Student assessment trends: A brief history and a bright future
vice president and chief psychometrician, Renaissance
Assessment is a valuable complement to instruction. It tells us who has learned and who hasn’t so educators can determine what’s most likely to help a student grow and succeed in the future.
With nearly half a century invested in psychometric research—the study of educational and psychological measurement—I think it’s important to look back at the development of modern assessments to see what trends are likely to shape and improve assessment and instruction in the future.
A brief history of adaptive testing
I happened to attend the University of Minnesota at a fortuitous time for an aspiring psychometrician. My graduate school mentor, David Weiss, was a counseling psychologist. Counselors rely heavily on psychological tests, which led Weiss to become an expert in test theory and practice, and to found the Psychometric Methods graduate degree program at the university. It was 1971, and Dr. Weiss was exploring the use of computers to administer aptitude tests and vocational interests.

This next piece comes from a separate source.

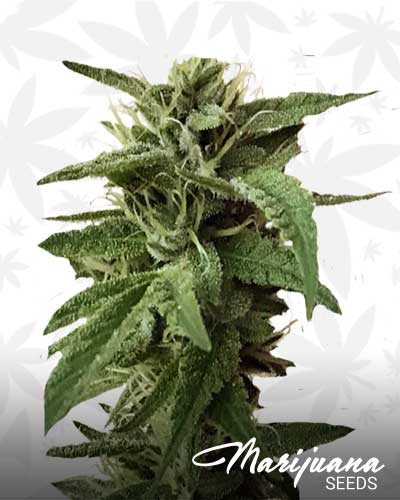 Af Pak x Ben Marijuana Seeds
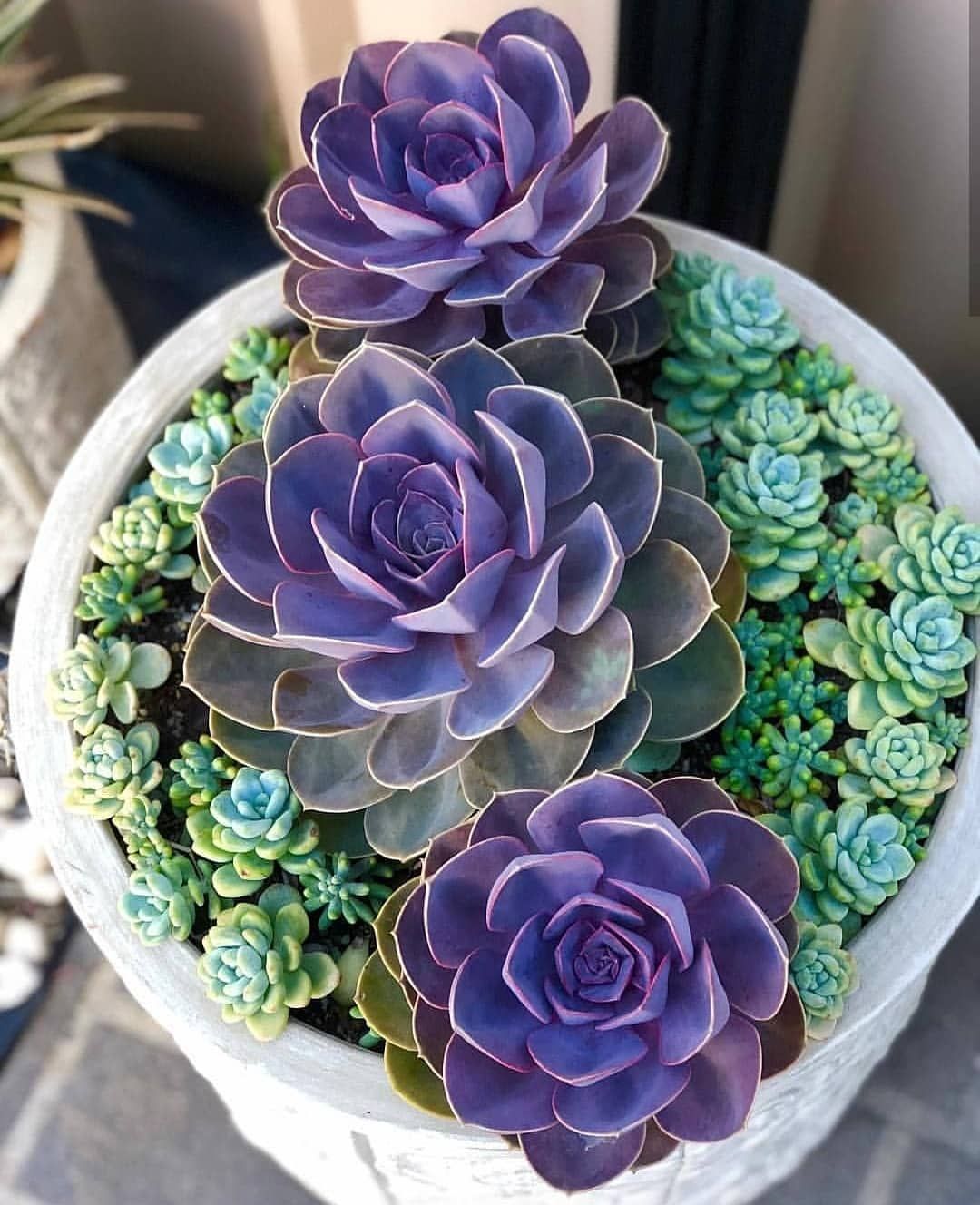 Echeveria Purple Pearl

As I joined the graduate program, Weiss was in final negotiations with the Office of Naval Research on a contract to research computerized adaptive testing (CAT), which was more of a concept than a reality at the time. I was lucky enough to be invited to join the team. I believe he chose me because I had independently conceived of what is now called adaptive testing—not realizing people had already begun researching and even practicing it—in my graduate school application.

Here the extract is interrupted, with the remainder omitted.